ASSIGNMENT - Give back each line of the data exactly.

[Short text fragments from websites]
**********
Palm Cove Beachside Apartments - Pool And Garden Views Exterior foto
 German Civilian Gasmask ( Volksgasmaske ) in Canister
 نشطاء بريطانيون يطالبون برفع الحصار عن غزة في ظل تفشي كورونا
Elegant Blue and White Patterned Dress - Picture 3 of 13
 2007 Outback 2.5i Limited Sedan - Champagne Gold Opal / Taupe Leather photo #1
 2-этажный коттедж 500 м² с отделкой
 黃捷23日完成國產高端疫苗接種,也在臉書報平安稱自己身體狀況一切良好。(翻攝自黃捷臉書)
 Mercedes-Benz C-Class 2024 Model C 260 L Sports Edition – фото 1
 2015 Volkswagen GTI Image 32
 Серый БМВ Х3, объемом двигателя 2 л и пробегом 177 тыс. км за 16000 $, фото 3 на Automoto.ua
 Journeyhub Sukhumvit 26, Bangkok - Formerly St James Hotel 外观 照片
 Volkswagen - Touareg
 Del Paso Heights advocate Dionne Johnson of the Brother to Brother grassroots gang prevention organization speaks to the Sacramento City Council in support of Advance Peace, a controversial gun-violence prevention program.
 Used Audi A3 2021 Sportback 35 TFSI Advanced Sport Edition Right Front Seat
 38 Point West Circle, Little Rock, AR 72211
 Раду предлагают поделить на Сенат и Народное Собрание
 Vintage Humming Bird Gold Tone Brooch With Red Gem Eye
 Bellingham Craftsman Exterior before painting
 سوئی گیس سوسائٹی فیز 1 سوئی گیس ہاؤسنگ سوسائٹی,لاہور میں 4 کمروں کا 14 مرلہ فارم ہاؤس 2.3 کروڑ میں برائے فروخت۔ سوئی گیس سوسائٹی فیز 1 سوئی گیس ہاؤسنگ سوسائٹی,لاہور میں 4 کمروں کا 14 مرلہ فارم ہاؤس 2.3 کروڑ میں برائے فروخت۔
**********
ANSWER SPACE -
Palm Cove Beachside Apartments - Pool And Garden Views Exterior foto
 German Civilian Gasmask ( Volksgasmaske ) in Canister
 نشطاء بريطانيون يطالبون برفع الحصار عن غزة في ظل تفشي كورونا
Elegant Blue and White Patterned Dress - Picture 3 of 13
 2007 Outback 2.5i Limited Sedan - Champagne Gold Opal / Taupe Leather photo #1
 2-этажный коттедж 500 м² с отделкой
 黃捷23日完成國產高端疫苗接種,也在臉書報平安稱自己身體狀況一切良好。(翻攝自黃捷臉書)
 Mercedes-Benz C-Class 2024 Model C 260 L Sports Edition – фото 1
 2015 Volkswagen GTI Image 32
 Серый БМВ Х3, объемом двигателя 2 л и пробегом 177 тыс. км за 16000 $, фото 3 на Automoto.ua
 Journeyhub Sukhumvit 26, Bangkok - Formerly St James Hotel 外观 照片
 Volkswagen - Touareg
 Del Paso Heights advocate Dionne Johnson of the Brother to Brother grassroots gang prevention organization speaks to the Sacramento City Council in support of Advance Peace, a controversial gun-violence prevention program.
 Used Audi A3 2021 Sportback 35 TFSI Advanced Sport Edition Right Front Seat
 38 Point West Circle, Little Rock, AR 72211
 Раду предлагают поделить на Сенат и Народное Собрание
 Vintage Humming Bird Gold Tone Brooch With Red Gem Eye
 Bellingham Craftsman Exterior before painting
 سوئی گیس سوسائٹی فیز 1 سوئی گیس ہاؤسنگ سوسائٹی,لاہور میں 4 کمروں کا 14 مرلہ فارم ہاؤس 2.3 کروڑ میں برائے فروخت۔ سوئی گیس سوسائٹی فیز 1 سوئی گیس ہاؤسنگ سوسائٹی,لاہور میں 4 کمروں کا 14 مرلہ فارم ہاؤس 2.3 کروڑ میں برائے فروخت۔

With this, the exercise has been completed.